On the corner, there was a grocery store whose owner still paid something for empty glass bottles. And when the kids went to buy bread or oil for their mothers, he still gave them a candy or a bubble gum as a bonus.

The guy from the newsstand kept the Sunday paper for him till noon, because he liked to stay in bed until lunchtime, and if he didn’t go to pick it up, the guy rang his doorbell and handed him El Mercurio with a cheerful smile.

He had credit at the Chinese restaurant on Manuel Mott Street, and if he didn’t have enough to invite Magdalena and Patricia for dinner, old Tin-Lung, laughing out loud, would write down the check amount in a huge notebook with a calendar picture of Marilyn Monroe. Everything had remained the same since his childhood, except for two details.

The TV antennas in every window, launched into the clouds.

And the Italia movie theater.

After going bankrupt, its 35-mm projector had been sold at a flea market. Those premises were now in the hands of some evangelical Christians, dressed in brown suits, white shirts, and ties, and with tons of hair gel, even in the hottest summer. Their wives, skinny, with olive faces. Some of them wearing socks up to their knees. It was still possible to see under the cobbles the tracks of the tramways that had stopped working decades ago. His neighborhood had witnessed his furtive kisses to the prettiest girl on Antonio Varas Avenue. And the day he turned fourteen, the blond girl with untidy curls who worked at the unisex hair salon allowed him to do everything on a Friday night, after closing the door behind her last customer. Then, cleaning his surprised sex with a wet towel, she whispered in his ear, “Happy birthday.”

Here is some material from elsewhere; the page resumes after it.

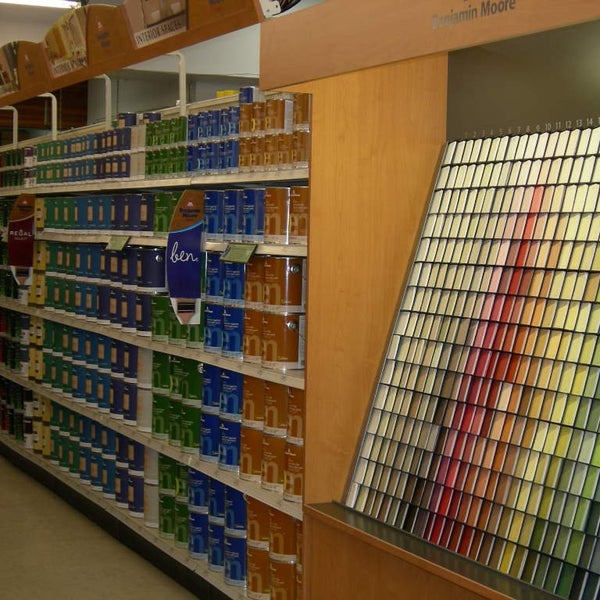 Ace Hardware Butte 17 visitors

That was his Santiago. The splendor of democracy and street demonstrations. As a student, he had shouted along with thousands of citizens, “Allende, Allende, your people defend you.”

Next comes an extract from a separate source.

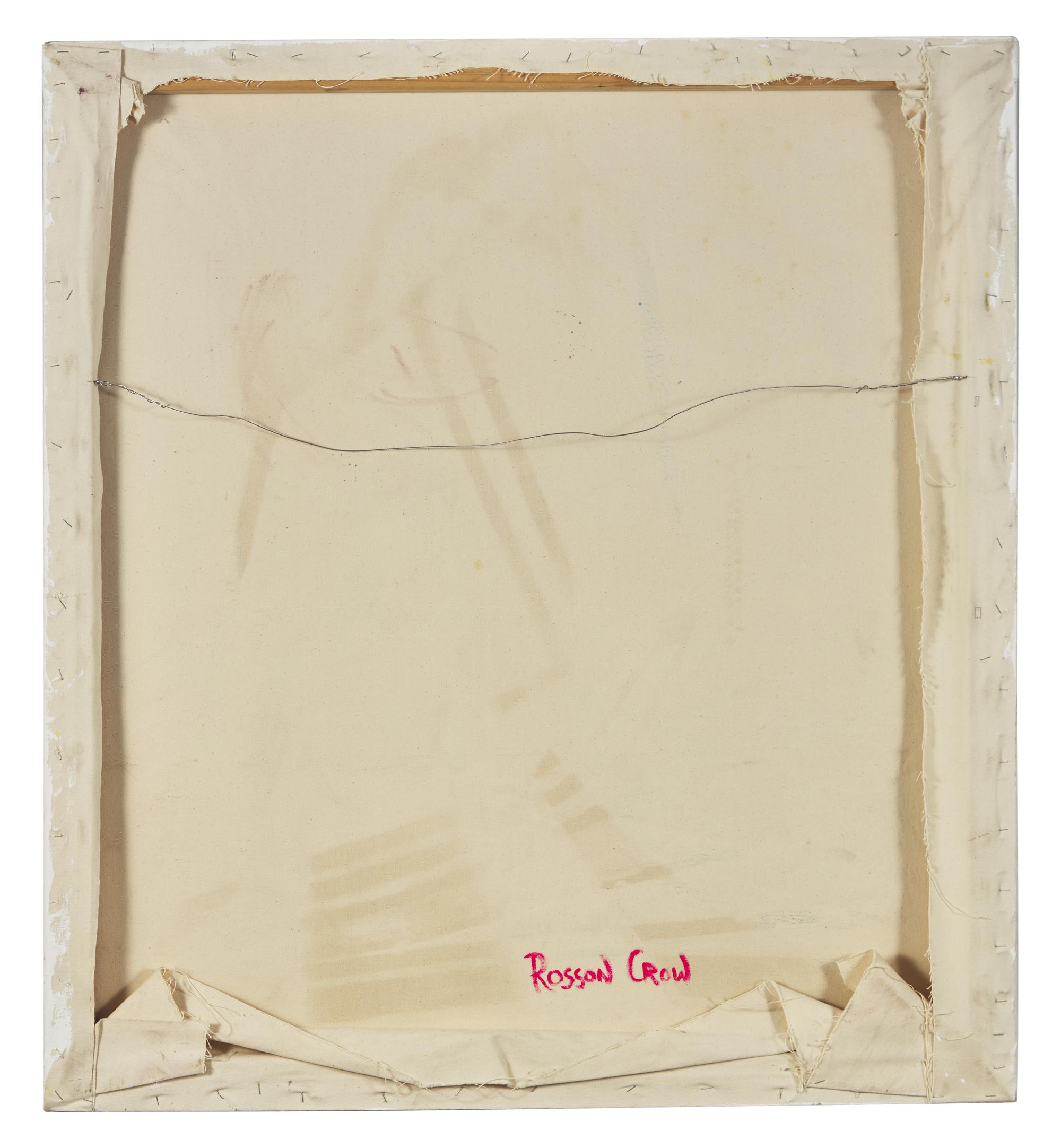 Untitled (Interior View), 2021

In front of the police academy, on Antonio Varas, he had seen the tanks of the coup d’état, going to La Moneda. He had been awakened by the fighter planes that were going to bomb the palace.

The same week he had been obsessed with Bob Dylan’s song, “Don’t Think Twice, It’s All Right.”

So was that his style? Every historical episode came with the emotion of a particular melody, of the lines of a poem. Of course, one thing had nothing to do with the other. One was reality, and the other was fantasy. Dreams. Dissolving foam. Thin clouds.

Even though his pace was firm and energetic, he realized that his efforts were in vain. As he walked down the side roads under the smell of spring jasmines, the “Waltz of the No” was coming out from the windows of each one of those houses and apartments.